Given entries below:

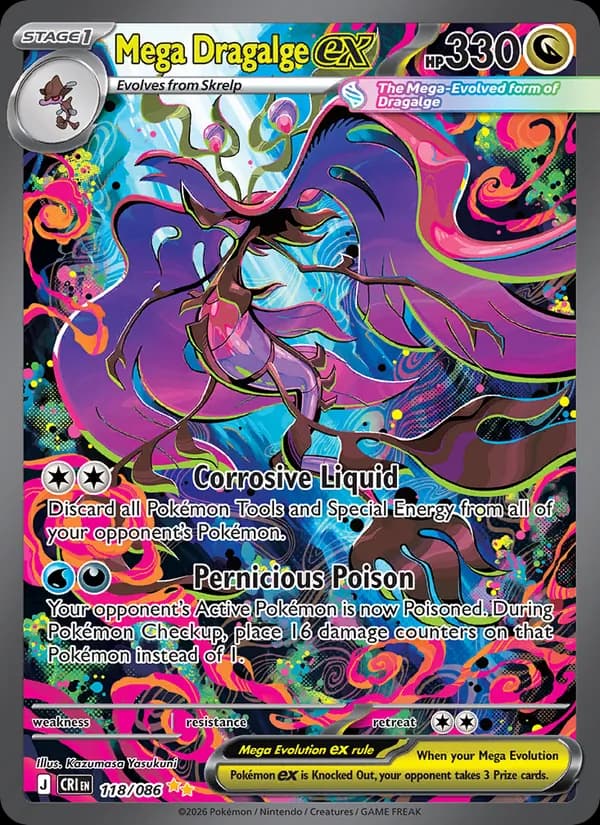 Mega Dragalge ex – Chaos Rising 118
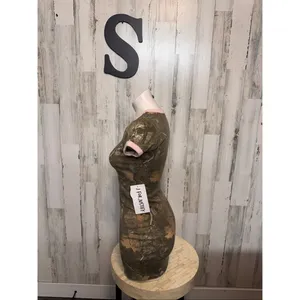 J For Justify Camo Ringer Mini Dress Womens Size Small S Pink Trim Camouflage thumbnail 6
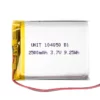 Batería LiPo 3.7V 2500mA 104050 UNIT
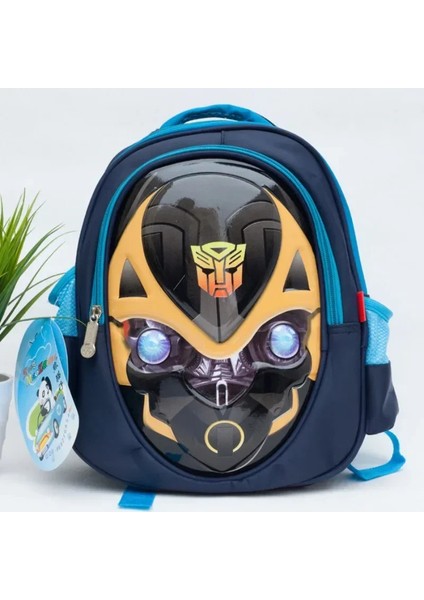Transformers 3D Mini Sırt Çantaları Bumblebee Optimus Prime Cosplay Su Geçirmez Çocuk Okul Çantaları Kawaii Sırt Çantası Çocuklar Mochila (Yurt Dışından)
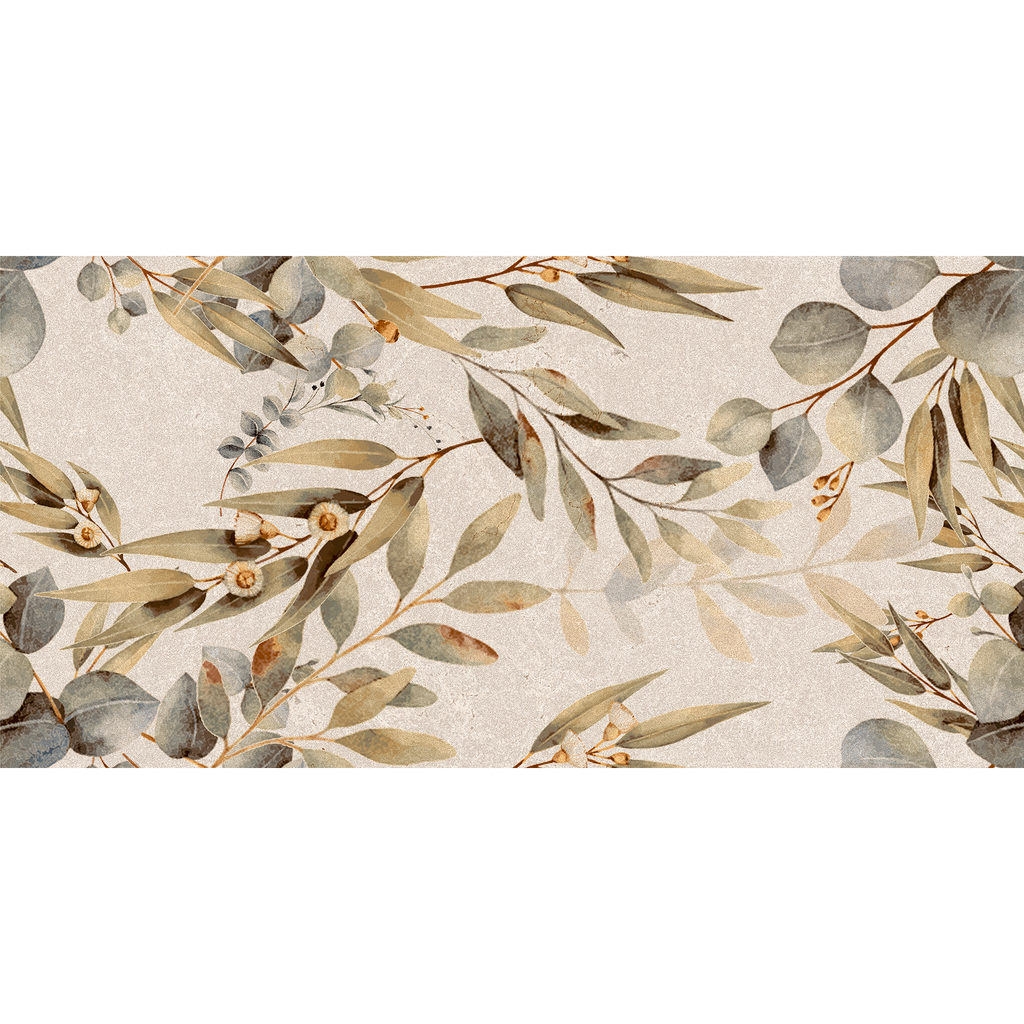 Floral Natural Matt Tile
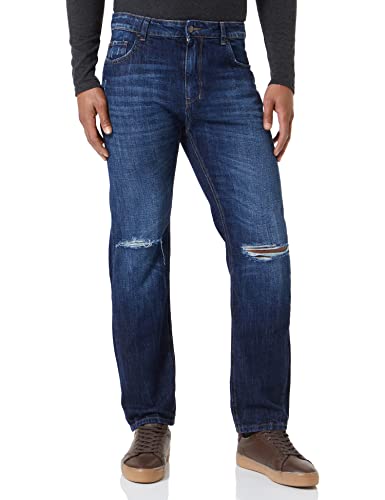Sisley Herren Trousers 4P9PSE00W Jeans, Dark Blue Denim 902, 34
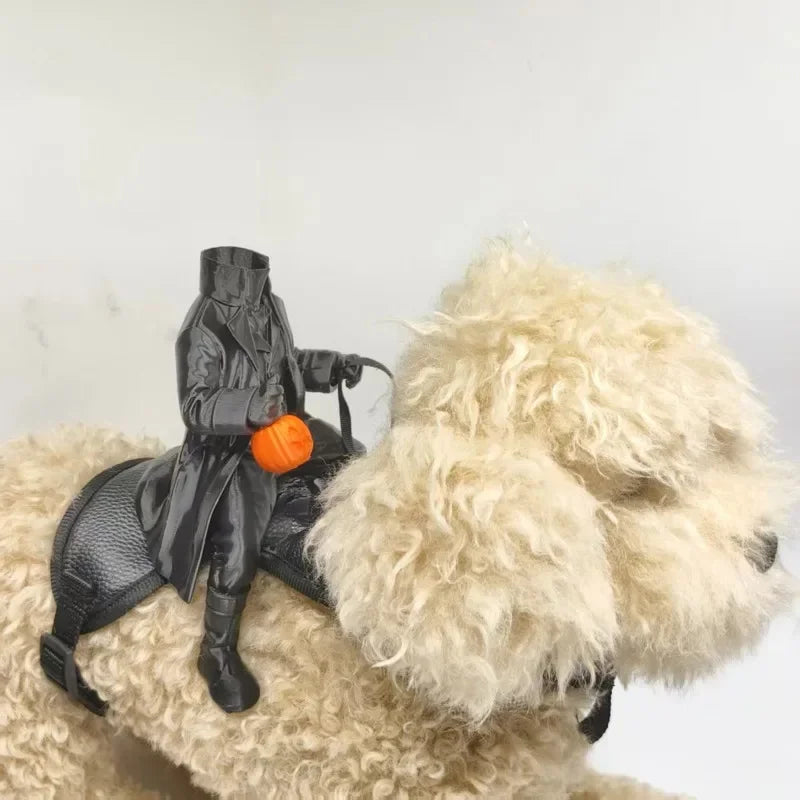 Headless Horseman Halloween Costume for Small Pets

End of Given entries.

◆ Task instructions: Restate each line above exactly, keeping pictures out.

◆ Expected output:
 Mega Dragalge ex – Chaos Rising 118
 J For Justify Camo Ringer Mini Dress Womens Size Small S Pink Trim Camouflage thumbnail 6
 Batería LiPo 3.7V 2500mA 104050 UNIT
Transformers 3D Mini Sırt Çantaları Bumblebee Optimus Prime Cosplay Su Geçirmez Çocuk Okul Çantaları Kawaii Sırt Çantası Çocuklar Mochila (Yurt Dışından)
 Floral Natural Matt Tile
Sisley Herren Trousers 4P9PSE00W Jeans, Dark Blue Denim 902, 34
 Headless Horseman Halloween Costume for Small Pets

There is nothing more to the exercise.